___ Records to use ___
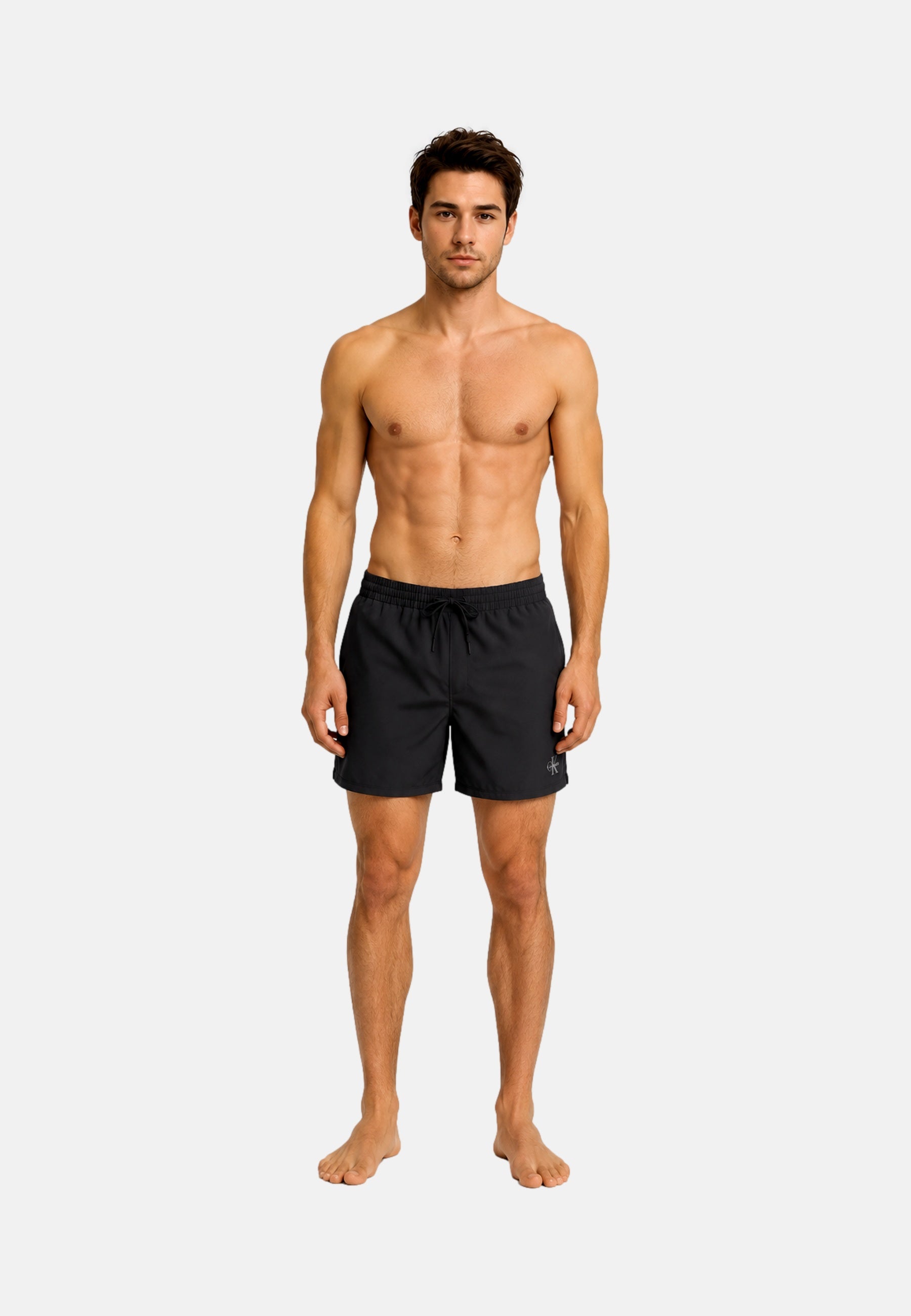 Calvin Klein Swimshorts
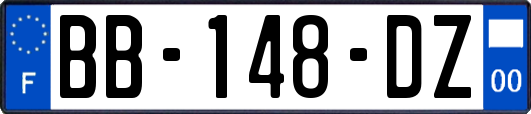 BB-148-DZ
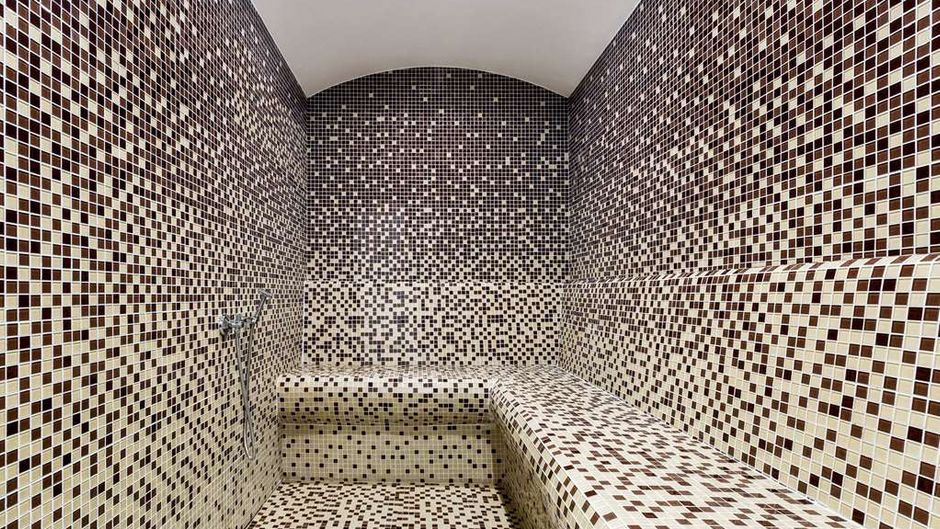 Ramada by Wyndham Istanbul Umraniye Spa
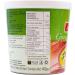 Mae Ploy Thai Green Curry and Tom Yum Curry Paste 400g by CNMART - Buy Online on GoSupps.com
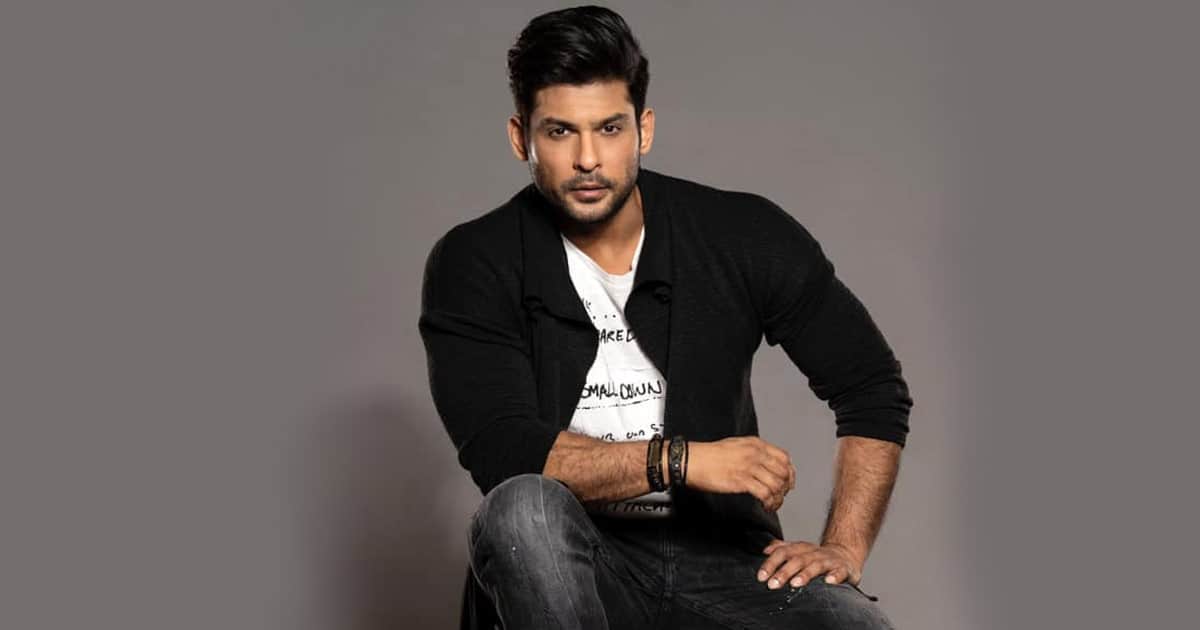 Brahmakumaris lead farewell to Sidharth Shukla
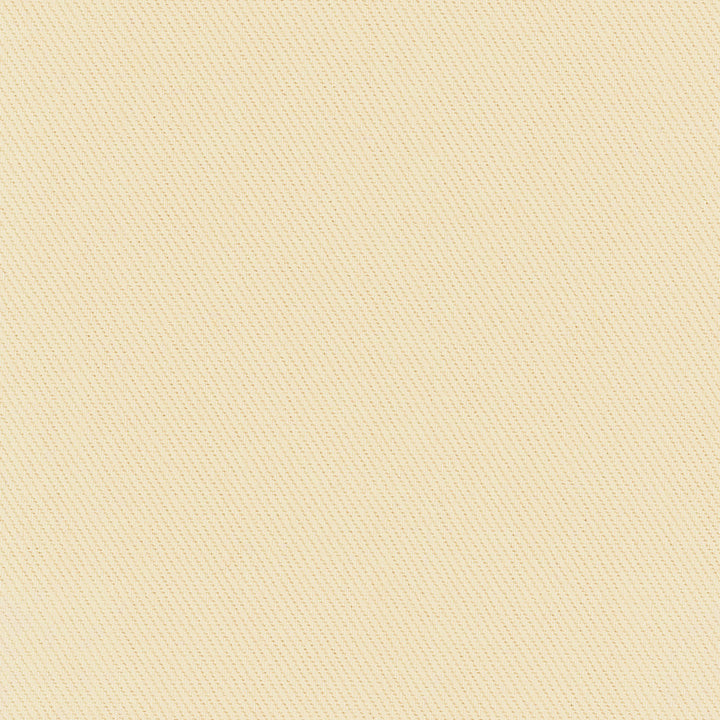 Kirkland Oat by Carole Designer Fabric Chestnut 100% Cotton Brazil Passes 30,000 Double Rubs Wyzenbeek Horizontal: 0 and Vertical: 0 64 - Swanky Fabrics -
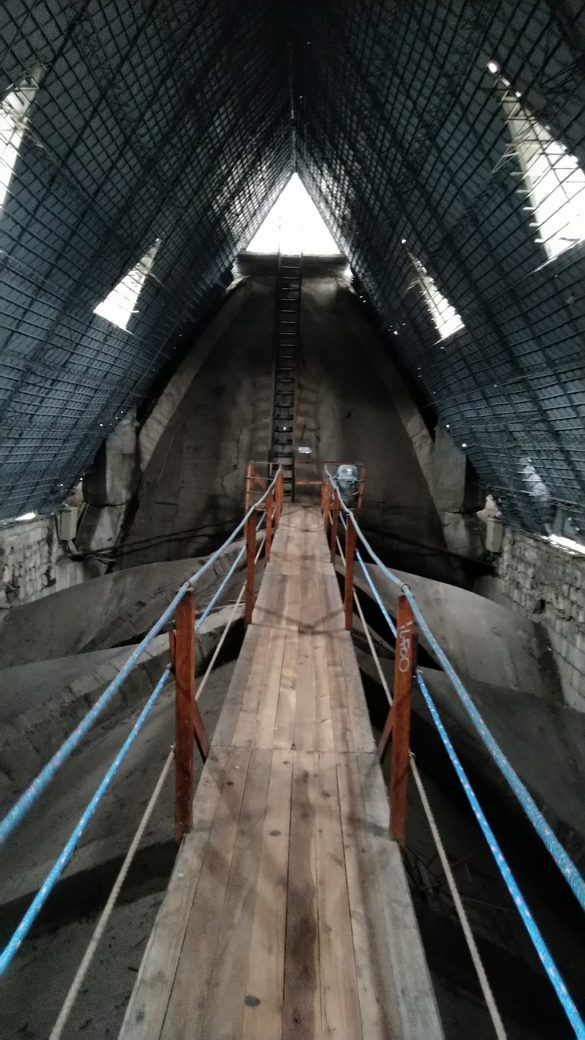 Basílica, Centro Histórico de Quito, Equador Basílica, Centro Histórico de Quito, Equador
___
[What is needed]
Output all the records, word for word, with no pictures in the copy.

[The completed task]
 Calvin Klein Swimshorts
 BB-148-DZ
 Ramada by Wyndham Istanbul Umraniye Spa
 Mae Ploy Thai Green Curry and Tom Yum Curry Paste 400g by CNMART - Buy Online on GoSupps.com
 Brahmakumaris lead farewell to Sidharth Shukla
 Kirkland Oat by Carole Designer Fabric Chestnut 100% Cotton Brazil Passes 30,000 Double Rubs Wyzenbeek Horizontal: 0 and Vertical: 0 64 - Swanky Fabrics -
 Basílica, Centro Histórico de Quito, Equador Basílica, Centro Histórico de Quito, Equador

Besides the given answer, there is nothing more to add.